---------- Raw data ----------

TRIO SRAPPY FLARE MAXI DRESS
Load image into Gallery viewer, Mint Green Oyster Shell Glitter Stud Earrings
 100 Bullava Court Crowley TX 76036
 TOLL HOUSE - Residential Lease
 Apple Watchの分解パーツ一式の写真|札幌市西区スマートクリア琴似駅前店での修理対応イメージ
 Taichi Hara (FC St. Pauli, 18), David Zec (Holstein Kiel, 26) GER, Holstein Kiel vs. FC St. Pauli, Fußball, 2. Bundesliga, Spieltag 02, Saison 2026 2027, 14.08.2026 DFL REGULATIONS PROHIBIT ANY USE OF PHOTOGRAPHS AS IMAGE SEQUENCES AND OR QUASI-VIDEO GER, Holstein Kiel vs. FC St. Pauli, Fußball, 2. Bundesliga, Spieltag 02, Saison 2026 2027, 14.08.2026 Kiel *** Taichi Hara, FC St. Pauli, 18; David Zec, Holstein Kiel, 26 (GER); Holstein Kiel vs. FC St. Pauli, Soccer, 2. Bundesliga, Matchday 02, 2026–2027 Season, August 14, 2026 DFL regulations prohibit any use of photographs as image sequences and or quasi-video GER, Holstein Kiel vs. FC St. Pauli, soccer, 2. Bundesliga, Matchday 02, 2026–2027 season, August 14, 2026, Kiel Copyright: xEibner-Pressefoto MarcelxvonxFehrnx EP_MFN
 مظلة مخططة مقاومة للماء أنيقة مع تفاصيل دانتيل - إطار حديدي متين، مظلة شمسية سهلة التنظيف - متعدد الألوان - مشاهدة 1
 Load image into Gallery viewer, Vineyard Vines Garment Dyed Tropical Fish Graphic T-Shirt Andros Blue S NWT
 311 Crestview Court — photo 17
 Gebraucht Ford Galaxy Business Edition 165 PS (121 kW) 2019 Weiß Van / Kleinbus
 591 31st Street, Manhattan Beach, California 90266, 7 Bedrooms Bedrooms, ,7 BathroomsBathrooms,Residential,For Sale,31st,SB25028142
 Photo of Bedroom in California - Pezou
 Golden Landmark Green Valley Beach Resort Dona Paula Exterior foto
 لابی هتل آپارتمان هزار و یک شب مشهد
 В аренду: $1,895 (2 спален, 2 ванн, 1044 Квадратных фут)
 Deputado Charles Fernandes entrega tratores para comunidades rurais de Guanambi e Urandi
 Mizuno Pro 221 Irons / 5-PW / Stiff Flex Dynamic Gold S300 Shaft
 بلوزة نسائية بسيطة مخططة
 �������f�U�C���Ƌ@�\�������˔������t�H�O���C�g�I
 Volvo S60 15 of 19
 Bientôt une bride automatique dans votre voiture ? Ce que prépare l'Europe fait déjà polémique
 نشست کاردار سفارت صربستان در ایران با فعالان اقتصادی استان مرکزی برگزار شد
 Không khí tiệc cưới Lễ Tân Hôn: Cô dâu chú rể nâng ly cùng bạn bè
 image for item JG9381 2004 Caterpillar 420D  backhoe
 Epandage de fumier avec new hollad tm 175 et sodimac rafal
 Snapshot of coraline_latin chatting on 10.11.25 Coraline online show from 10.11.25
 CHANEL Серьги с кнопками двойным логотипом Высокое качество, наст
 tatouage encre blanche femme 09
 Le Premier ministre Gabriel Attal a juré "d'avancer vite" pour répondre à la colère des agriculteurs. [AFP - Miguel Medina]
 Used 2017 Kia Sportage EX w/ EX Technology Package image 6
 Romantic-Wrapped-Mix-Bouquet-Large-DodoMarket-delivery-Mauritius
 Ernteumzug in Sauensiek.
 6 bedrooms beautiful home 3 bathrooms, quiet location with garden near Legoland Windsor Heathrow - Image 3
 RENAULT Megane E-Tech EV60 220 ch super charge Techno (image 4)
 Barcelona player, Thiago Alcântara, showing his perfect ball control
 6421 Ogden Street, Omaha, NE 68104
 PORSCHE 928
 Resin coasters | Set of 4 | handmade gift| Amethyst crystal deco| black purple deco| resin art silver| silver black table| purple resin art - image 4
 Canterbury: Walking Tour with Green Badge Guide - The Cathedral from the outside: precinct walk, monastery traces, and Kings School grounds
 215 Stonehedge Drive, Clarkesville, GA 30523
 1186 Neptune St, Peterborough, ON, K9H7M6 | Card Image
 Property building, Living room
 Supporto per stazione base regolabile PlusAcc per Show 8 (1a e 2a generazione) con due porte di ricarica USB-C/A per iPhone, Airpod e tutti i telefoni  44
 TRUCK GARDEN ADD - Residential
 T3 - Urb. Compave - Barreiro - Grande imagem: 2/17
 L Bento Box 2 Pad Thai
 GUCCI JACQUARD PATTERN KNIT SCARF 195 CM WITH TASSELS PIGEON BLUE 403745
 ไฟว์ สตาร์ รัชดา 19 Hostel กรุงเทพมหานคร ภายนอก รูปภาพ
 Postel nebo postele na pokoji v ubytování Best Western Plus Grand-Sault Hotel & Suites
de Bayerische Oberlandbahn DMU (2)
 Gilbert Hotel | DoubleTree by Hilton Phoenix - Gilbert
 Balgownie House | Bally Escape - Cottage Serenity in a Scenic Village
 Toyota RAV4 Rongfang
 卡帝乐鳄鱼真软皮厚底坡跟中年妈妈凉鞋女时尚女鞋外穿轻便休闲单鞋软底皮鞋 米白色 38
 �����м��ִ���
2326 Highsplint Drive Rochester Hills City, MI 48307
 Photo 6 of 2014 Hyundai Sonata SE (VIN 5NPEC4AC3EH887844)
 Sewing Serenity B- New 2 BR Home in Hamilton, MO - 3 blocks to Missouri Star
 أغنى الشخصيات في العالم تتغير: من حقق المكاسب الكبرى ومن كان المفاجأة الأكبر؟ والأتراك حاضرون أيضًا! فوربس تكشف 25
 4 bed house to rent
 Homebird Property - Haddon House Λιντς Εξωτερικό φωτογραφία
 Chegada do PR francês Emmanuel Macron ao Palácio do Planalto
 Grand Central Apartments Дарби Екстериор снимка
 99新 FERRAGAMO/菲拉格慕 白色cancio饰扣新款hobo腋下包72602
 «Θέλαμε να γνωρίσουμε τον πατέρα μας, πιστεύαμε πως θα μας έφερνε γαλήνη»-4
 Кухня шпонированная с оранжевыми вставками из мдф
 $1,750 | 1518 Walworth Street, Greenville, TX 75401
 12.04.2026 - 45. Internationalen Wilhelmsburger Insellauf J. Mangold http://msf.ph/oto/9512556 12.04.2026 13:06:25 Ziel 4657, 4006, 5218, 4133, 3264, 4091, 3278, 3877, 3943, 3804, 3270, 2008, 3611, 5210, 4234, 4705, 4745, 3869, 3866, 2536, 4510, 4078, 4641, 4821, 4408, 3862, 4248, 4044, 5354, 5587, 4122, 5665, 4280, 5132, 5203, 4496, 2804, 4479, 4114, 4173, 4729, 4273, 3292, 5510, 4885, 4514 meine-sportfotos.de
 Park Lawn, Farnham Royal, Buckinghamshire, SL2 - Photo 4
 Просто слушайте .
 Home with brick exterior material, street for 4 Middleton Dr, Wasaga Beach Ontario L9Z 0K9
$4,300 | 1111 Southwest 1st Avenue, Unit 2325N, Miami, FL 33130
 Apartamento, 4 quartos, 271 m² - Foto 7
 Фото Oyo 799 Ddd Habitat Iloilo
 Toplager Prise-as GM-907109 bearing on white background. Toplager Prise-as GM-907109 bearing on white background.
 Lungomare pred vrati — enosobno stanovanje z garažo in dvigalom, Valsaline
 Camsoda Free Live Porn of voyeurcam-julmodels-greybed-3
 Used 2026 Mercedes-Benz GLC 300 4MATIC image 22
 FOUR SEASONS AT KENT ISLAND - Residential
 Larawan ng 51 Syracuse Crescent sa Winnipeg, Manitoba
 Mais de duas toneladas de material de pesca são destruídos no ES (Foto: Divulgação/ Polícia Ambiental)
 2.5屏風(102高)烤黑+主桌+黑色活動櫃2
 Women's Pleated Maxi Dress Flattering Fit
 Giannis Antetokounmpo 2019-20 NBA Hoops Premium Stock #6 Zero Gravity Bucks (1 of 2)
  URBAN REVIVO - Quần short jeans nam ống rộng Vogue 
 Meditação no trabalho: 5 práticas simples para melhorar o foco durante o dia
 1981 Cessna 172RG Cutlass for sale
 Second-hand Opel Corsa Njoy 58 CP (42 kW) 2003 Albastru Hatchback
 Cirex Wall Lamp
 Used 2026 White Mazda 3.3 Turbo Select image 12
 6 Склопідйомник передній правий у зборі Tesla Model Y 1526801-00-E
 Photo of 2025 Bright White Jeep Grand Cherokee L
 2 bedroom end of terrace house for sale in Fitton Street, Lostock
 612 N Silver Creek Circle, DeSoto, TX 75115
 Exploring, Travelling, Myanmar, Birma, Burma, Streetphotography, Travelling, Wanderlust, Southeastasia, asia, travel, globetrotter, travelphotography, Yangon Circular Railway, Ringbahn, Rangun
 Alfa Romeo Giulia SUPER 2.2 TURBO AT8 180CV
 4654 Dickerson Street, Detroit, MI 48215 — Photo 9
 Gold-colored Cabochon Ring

----------

Take the lines from the first line of the listing up to and including the line with "Apple Watchの分解" and give them again exactly.

- [Solution for this problem]:
TRIO SRAPPY FLARE MAXI DRESS
Load image into Gallery viewer, Mint Green Oyster Shell Glitter Stud Earrings
 100 Bullava Court Crowley TX 76036
 TOLL HOUSE - Residential Lease
 Apple Watchの分解パーツ一式の写真|札幌市西区スマートクリア琴似駅前店での修理対応イメージ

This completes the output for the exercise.